The company is responsible for having all vehicles in its fleet, novated lease, privately owned, or supplied. This is part of its Duty of Care to provide safe and functional mobile workplaces in which its staff performs their duties, avoids extensive repair bills long-term and mitigates breakdowns, towing costs and downtime.

The best way to avoid these issues is through preventative maintenance to avoid breakdowns and vehicle failures. Avoiding maintenance can increase fuel use and resulting emissions, reduce the overall lifespan of the vehicle/s, lead to costly component or whole vehicle replacements, cause breakdowns in dangerous situations, remote locations or in busy traffic where safety and costs are compromised, and ultimately affects resale value when reflected on vehicle records (even moreso when not).

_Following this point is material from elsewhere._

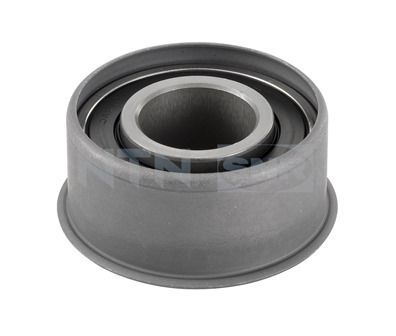 SNR GE373.15 Deflection Pulley/Guide Pulley, timing belt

Develop a vehicle maintenance schedule that is strictly adhered to, providing detailed records of repair and servicing history to not only track the vehicles’ status and driver use, but also for end-of-cycle replacement – eventually vehicles will need to be renewed and full service histories are essential for getting maximum potential return.

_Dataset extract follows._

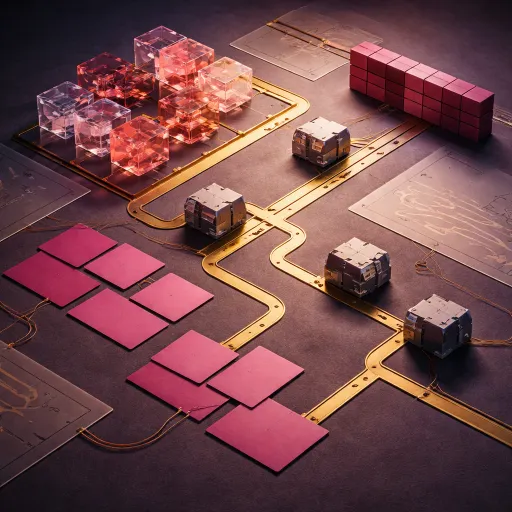 Platform engineering at KubeCon 2026: golden paths, AI agents, and the adoption wall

Preventative maintenance checks will include daily, weekly and monthly checks of body damage, break pressure and feel, tyre checks, fluid checks (oil, water, fuel, coolant, brake). Monthly and half-yearly maintenance checks should also include tyre wear and wheel damage, exhaust checks, steering checks (feel, noise, fluid and vibration), plus assessing on-road handling, like brake pedal pulsing, warning lights, steering alignment, windscreen wipers, air-conditioning, vehicle temperatures and any fluid leaks. Assessments should be recorded on company forms and counter-signed by the manager.